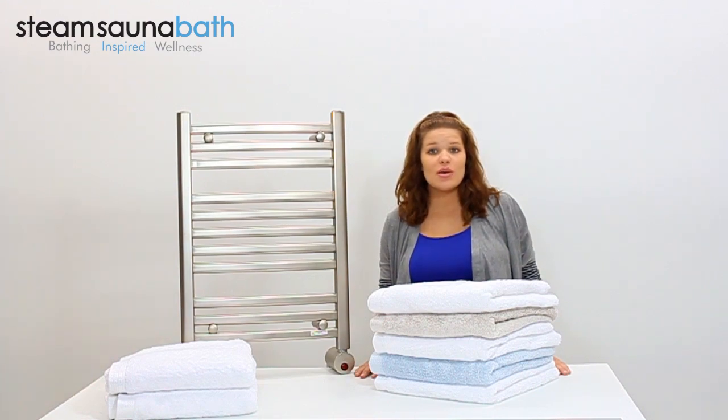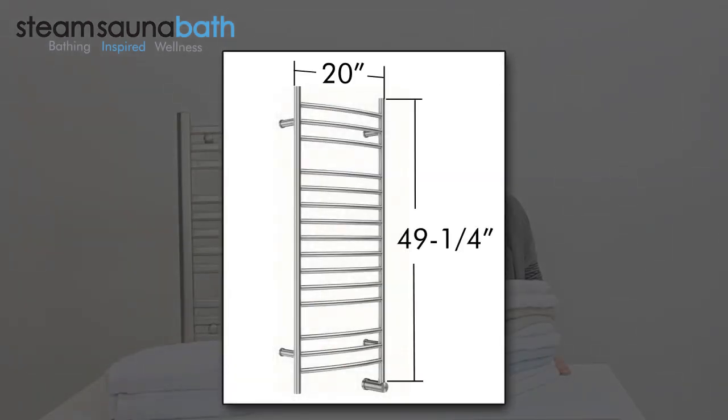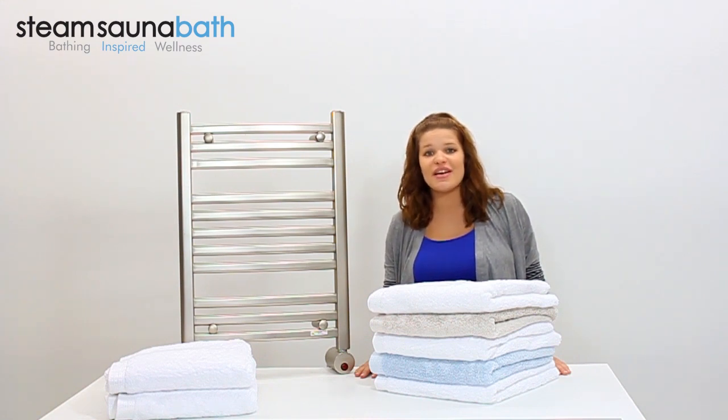The W348 is a wall-mounted, electrically heated towel warmer that measures 20 inches wide, 49 and a quarter inches tall, and 4 and 3 quarter inches deep. It operates at 120 volt household electric and uses a 168 watt stainless steel heater element to generate its warmth.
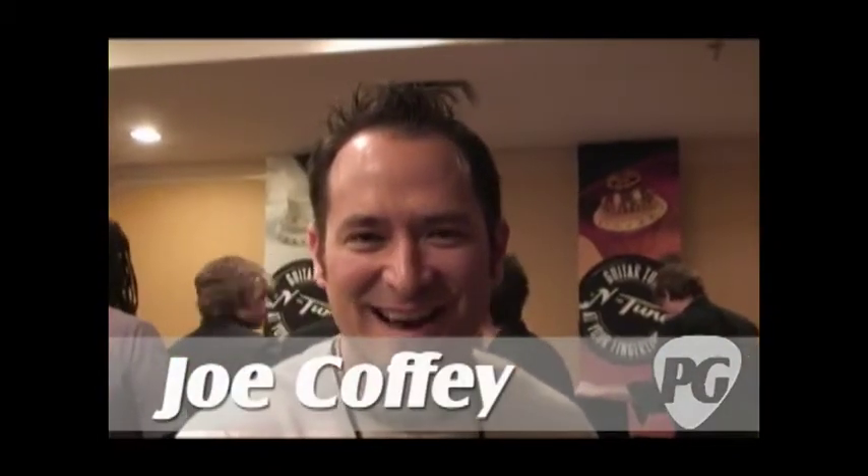Hey, Joe Coffey here for PremierGuitar.com. We're at Summerdamp 2009 in Nashville, looking at new bass amps from Gallien Krueger. Jason Finley is going to walk us through it here. Jason, how are you doing, man?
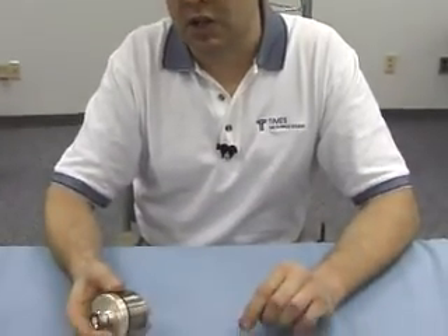In this short segment, we're going to demonstrate the ease of terminating our LMR1700 cable with our EZ1700 NMH connector.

------------------------

> [TASK DETAILS] I need the lines from the line containing "Hey, Joe Coffey" through the final line of the listing duplicated exactly, both ends included, with no pictures and nothing else.

> [YOUR RESPONSE]
Hey, Joe Coffey here for PremierGuitar.com. We're at Summerdamp 2009 in Nashville, looking at new bass amps from Gallien Krueger. Jason Finley is going to walk us through it here. Jason, how are you doing, man?
In this short segment, we're going to demonstrate the ease of terminating our LMR1700 cable with our EZ1700 NMH connector.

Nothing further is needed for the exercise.